# ASSIGNED TASK
Pull every line holding the string "enter" from the records below.

# RECORDS SUPPLIED
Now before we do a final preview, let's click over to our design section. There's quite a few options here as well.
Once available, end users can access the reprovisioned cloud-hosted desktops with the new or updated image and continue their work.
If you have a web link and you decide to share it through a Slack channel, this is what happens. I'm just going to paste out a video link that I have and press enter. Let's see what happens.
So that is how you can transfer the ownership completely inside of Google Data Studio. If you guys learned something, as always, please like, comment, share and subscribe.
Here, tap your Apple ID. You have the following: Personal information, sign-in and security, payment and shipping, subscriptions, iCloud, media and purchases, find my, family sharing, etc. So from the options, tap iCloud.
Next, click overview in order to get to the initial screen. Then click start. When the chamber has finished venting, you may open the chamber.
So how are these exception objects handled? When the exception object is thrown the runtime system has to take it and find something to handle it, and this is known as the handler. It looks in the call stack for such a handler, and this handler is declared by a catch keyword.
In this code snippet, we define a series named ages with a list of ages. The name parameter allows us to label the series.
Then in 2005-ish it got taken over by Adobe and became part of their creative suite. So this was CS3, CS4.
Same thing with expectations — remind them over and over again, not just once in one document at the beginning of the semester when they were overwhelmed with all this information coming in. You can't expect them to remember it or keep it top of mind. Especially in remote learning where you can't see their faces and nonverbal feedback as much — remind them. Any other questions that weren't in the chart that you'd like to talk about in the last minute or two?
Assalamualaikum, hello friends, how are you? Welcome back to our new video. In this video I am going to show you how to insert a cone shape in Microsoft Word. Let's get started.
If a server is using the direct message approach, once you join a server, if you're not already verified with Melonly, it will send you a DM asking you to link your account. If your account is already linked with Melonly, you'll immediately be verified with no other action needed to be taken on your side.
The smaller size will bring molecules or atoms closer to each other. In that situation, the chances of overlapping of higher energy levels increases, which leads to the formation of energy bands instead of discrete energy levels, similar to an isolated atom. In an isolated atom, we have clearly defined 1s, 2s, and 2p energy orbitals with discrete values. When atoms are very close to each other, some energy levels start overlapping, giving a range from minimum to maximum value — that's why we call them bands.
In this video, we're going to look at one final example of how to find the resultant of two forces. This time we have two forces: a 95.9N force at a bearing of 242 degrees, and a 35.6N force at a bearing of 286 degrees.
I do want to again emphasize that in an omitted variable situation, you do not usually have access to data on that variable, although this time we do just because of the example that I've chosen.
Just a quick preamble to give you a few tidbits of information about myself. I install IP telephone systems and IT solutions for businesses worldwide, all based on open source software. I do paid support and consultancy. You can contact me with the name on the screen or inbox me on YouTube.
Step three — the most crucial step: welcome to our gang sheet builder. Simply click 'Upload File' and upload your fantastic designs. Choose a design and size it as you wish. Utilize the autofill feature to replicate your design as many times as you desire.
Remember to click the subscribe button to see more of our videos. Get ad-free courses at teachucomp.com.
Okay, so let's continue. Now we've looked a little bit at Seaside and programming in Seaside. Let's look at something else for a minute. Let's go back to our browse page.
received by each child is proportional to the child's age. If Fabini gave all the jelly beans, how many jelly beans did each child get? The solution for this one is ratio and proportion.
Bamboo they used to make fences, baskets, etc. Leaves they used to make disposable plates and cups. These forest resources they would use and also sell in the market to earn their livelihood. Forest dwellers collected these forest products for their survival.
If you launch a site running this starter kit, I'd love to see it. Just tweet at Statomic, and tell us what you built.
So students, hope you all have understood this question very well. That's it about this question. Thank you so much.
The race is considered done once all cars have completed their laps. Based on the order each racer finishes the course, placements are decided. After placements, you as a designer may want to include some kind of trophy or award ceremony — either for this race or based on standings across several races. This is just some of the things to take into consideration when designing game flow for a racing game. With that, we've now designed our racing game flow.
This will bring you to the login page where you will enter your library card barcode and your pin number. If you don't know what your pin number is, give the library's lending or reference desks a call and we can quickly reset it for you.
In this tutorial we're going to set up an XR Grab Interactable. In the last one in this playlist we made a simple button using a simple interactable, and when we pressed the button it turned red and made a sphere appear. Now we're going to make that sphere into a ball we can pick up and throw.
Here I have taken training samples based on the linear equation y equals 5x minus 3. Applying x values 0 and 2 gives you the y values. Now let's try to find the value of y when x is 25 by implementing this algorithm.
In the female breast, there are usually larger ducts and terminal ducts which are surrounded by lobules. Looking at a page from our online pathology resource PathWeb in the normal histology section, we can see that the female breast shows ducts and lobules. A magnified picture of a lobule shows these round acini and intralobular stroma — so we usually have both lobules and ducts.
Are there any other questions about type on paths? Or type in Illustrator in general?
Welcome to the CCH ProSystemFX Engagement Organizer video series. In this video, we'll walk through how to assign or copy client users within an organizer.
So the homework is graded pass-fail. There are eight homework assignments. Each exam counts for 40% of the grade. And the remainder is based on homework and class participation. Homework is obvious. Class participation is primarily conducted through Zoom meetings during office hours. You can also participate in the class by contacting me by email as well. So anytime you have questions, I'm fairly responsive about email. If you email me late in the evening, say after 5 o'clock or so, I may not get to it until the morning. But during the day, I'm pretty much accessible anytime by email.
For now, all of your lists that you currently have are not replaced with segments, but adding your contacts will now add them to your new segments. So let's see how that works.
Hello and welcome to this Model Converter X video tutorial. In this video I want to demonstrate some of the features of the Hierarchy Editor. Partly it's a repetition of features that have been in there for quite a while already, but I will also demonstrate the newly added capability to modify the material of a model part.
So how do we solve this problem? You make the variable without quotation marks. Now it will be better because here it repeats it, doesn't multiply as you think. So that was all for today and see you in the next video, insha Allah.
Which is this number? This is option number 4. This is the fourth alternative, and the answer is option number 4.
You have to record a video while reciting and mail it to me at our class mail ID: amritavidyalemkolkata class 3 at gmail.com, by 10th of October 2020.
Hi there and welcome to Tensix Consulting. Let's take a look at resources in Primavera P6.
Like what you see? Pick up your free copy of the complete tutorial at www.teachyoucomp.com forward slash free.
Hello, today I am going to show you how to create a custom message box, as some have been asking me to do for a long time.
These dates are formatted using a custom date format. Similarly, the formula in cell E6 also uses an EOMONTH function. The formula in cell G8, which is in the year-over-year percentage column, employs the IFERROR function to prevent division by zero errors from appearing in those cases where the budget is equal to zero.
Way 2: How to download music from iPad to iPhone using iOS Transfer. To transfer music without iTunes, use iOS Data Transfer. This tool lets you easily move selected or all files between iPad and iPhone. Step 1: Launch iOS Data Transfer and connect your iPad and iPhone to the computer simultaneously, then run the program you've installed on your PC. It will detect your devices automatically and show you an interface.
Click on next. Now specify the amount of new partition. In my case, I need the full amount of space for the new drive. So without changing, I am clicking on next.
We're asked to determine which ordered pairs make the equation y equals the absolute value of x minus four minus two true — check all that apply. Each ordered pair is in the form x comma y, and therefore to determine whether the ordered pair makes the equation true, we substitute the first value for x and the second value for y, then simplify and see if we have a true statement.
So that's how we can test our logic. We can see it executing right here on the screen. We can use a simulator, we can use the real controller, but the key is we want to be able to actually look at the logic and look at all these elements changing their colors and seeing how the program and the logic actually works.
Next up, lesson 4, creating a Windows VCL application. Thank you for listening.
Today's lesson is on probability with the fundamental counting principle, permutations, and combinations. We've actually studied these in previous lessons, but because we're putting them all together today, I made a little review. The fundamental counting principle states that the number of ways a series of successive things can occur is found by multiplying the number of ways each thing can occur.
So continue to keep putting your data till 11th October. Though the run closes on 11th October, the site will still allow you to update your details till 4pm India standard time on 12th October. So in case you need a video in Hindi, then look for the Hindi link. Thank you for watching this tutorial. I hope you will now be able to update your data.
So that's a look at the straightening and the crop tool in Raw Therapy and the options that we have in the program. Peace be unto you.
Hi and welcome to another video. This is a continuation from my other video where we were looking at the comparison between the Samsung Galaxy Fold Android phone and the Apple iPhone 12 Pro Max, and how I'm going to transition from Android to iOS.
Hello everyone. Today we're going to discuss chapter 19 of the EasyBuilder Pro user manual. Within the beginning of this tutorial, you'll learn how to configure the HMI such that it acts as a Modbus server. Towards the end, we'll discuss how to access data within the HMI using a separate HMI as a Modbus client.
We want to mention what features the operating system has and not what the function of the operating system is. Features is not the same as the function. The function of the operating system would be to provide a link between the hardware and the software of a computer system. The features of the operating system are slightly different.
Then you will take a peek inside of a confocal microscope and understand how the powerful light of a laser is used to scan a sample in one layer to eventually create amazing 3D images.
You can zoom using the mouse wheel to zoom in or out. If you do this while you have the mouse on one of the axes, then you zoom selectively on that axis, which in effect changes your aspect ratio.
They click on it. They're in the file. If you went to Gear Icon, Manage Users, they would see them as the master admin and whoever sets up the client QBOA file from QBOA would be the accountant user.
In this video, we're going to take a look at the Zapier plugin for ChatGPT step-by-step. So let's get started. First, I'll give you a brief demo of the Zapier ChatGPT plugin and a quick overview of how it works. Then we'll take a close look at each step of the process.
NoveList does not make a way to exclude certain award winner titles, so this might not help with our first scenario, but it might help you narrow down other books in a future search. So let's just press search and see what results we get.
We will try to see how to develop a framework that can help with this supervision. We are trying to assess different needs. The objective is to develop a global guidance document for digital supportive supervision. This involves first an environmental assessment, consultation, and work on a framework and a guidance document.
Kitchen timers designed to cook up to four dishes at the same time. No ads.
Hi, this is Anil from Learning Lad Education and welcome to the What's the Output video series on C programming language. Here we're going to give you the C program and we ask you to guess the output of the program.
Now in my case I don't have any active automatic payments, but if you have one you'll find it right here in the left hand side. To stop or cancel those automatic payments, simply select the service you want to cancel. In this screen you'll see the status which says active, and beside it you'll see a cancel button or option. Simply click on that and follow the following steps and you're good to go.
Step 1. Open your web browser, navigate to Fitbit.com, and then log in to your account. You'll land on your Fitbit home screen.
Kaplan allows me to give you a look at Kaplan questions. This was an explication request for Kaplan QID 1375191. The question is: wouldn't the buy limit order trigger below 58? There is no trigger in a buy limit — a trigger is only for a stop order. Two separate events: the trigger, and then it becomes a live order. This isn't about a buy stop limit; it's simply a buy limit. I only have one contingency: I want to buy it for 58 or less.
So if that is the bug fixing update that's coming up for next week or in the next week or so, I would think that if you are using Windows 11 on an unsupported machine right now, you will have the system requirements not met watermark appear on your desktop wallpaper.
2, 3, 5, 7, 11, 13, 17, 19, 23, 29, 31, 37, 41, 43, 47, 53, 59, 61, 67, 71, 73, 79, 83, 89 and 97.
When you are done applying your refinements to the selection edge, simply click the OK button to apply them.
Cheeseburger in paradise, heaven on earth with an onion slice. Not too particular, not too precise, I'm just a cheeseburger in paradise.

# EXPECTED ANSWER
If you have a web link and you decide to share it through a Slack channel, this is what happens. I'm just going to paste out a video link that I have and press enter. Let's see what happens.
This will bring you to the login page where you will enter your library card barcode and your pin number. If you don't know what your pin number is, give the library's lending or reference desks a call and we can quickly reset it for you.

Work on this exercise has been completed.